Why am I feeling this?
Is this my feeling – or am I picking up someone else’s feelings?
(Angela) Sometimes, especially if you are an emotional or sensitive person, you get lost in a feeling thinking it is yours, but in relationships, we also are feeling and impacted by the feelings of those we are in a relationship with especially close loved ones, children, parents, lovers, and friends. And even co-workers or neighbors have a deep impact on us especially if we are around them regularly.
(Angela) Patti, Have did you use journaling to save relationships in the work environment?

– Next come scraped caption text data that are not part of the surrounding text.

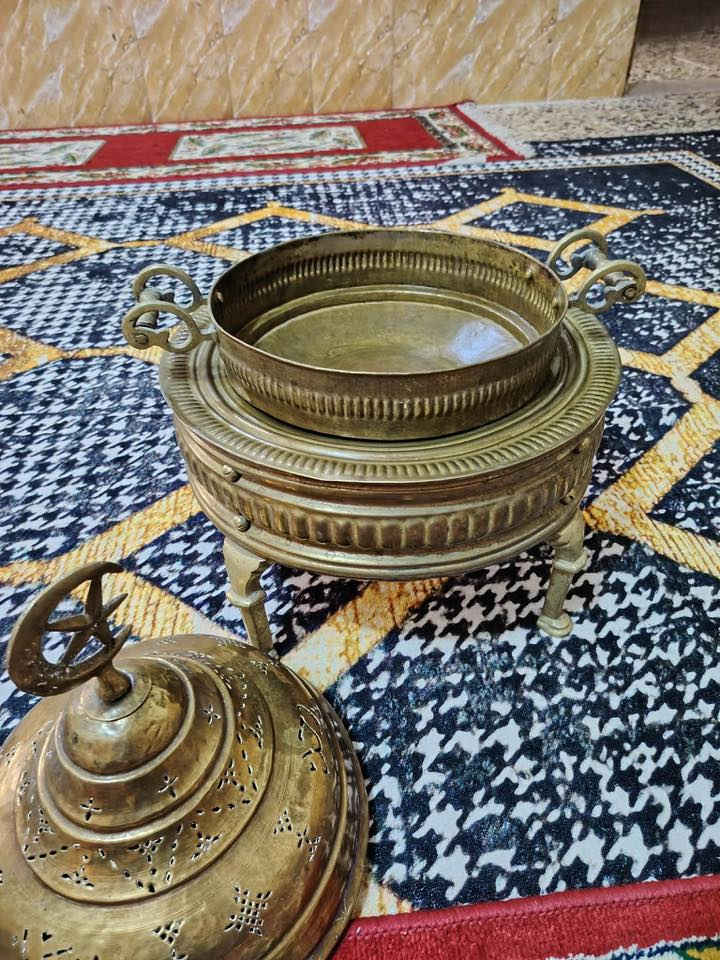 مبخره عثمانيه قديمه نضافه تامه كما موضح بصوره للنواصل واتساب ***********
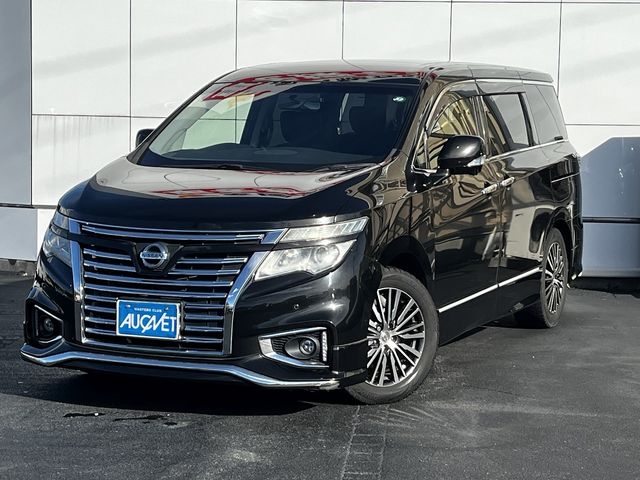 NISSAN ELGRAND  4WD 2014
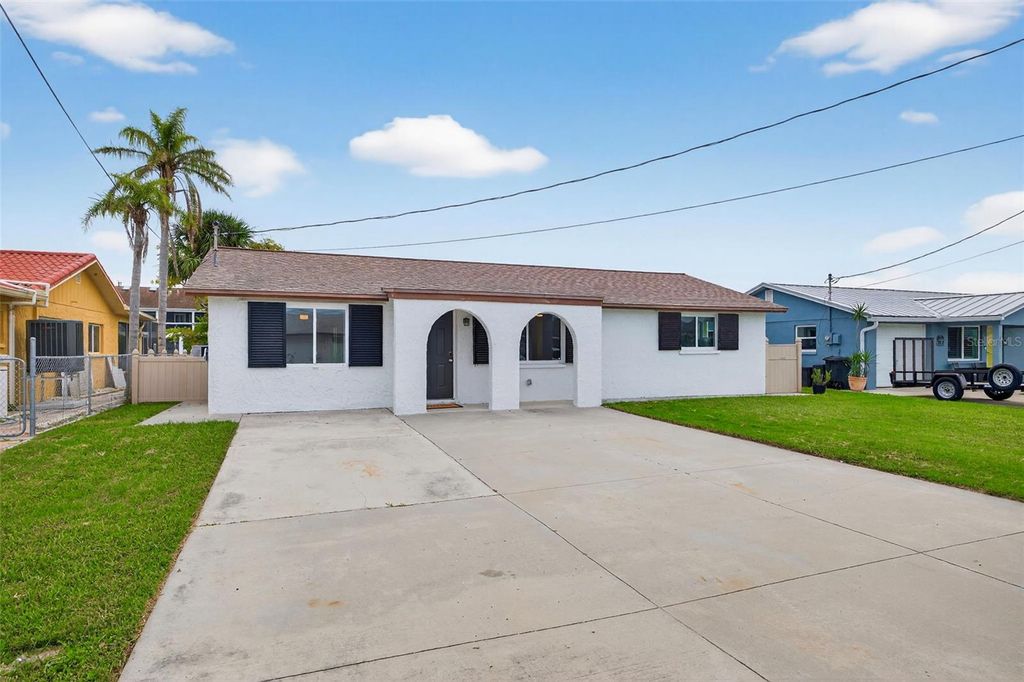 Photo of 13912 Darlene Avenue, Hudson, FL 34667 (MLS # TB8415293)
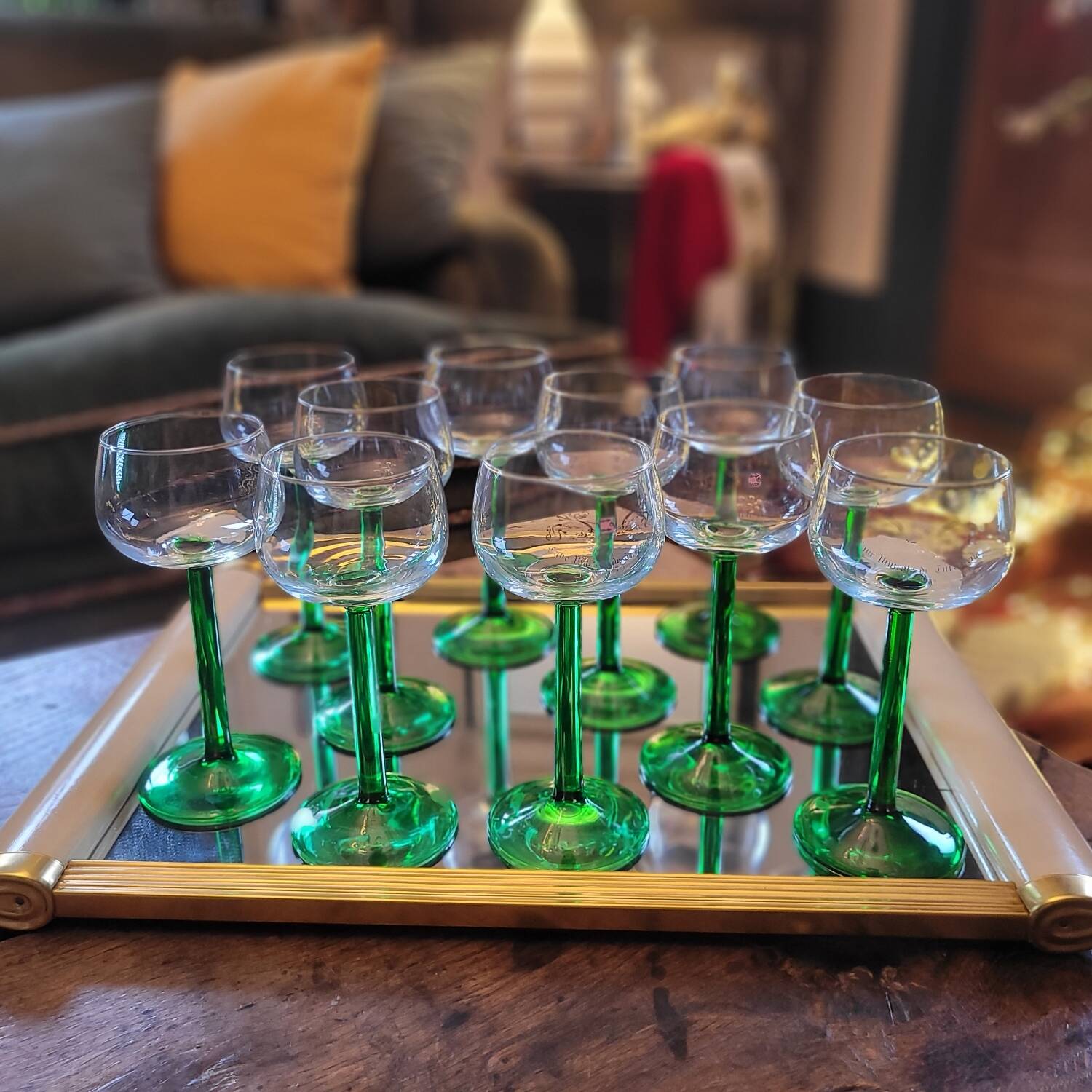 Verres d’Alsace à pied vert. Années 70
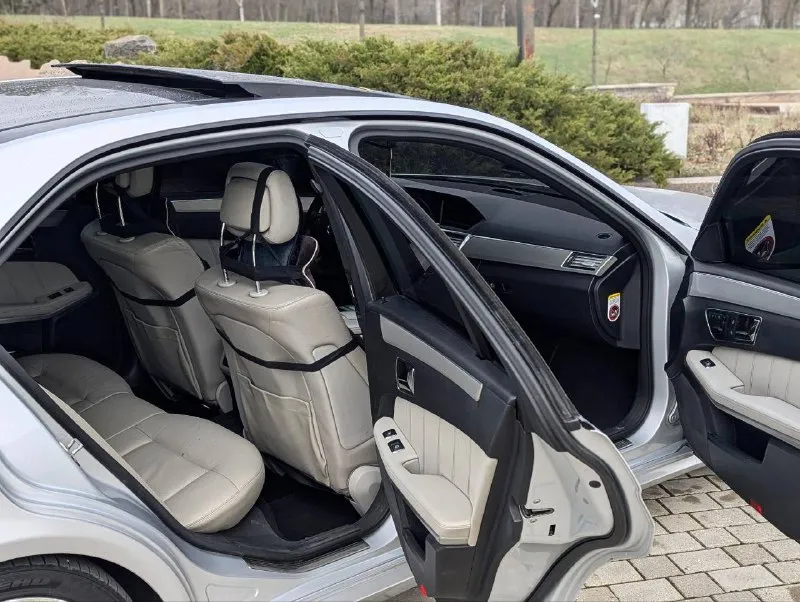 В продаже mercedes benz e-class w212 двигатель 3.5 работает идеально, все расходники заменены ничего делать не нужно! коробка автомат работает идеально без пинков и рывков, ходовая отрабатывает так как и должна! автомобиль имеет красивый внешний вид, без внимания не остаётся, достойная комплектация: датчики света и дождя, электро регулировки всех сидений, панорама, качественная музыка и тд. юридически абсолютно чистый автомобиль, рассмотрю ваши предложения на обмен также возможна продажа в кредит осмотр донецк цена: 1.380.000₽, торг быстрому покупателю! ☎️ +7 (949) 453-80-40 📞 звоните: +7(949)4538040 - фотография - 10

(Patti) Yes, I had a work journal. I used it to problem solve, work out issues, and emotions. I also gave my staff at the time a work journal. Some used the journal, and some did not. It was their personal choice whether to use it or not. Dumping your thoughts into the work journal helped in so many ways, instead of projecting emotions on others. It gave time to self-reflect instead of a knee-jerk reaction to a solution or problem. I wish I used it more than I did. It could have changed outcomes for the better. Daily work interactions are very much learning experiences when working with others. There are different points of view and work backgrounds. Reflecting on the situation through journaling gives you a new perspective of maybe I could do it differently with a better result.
(Angela) Patti, How did you use journaling to problem solve and brainstorm at work?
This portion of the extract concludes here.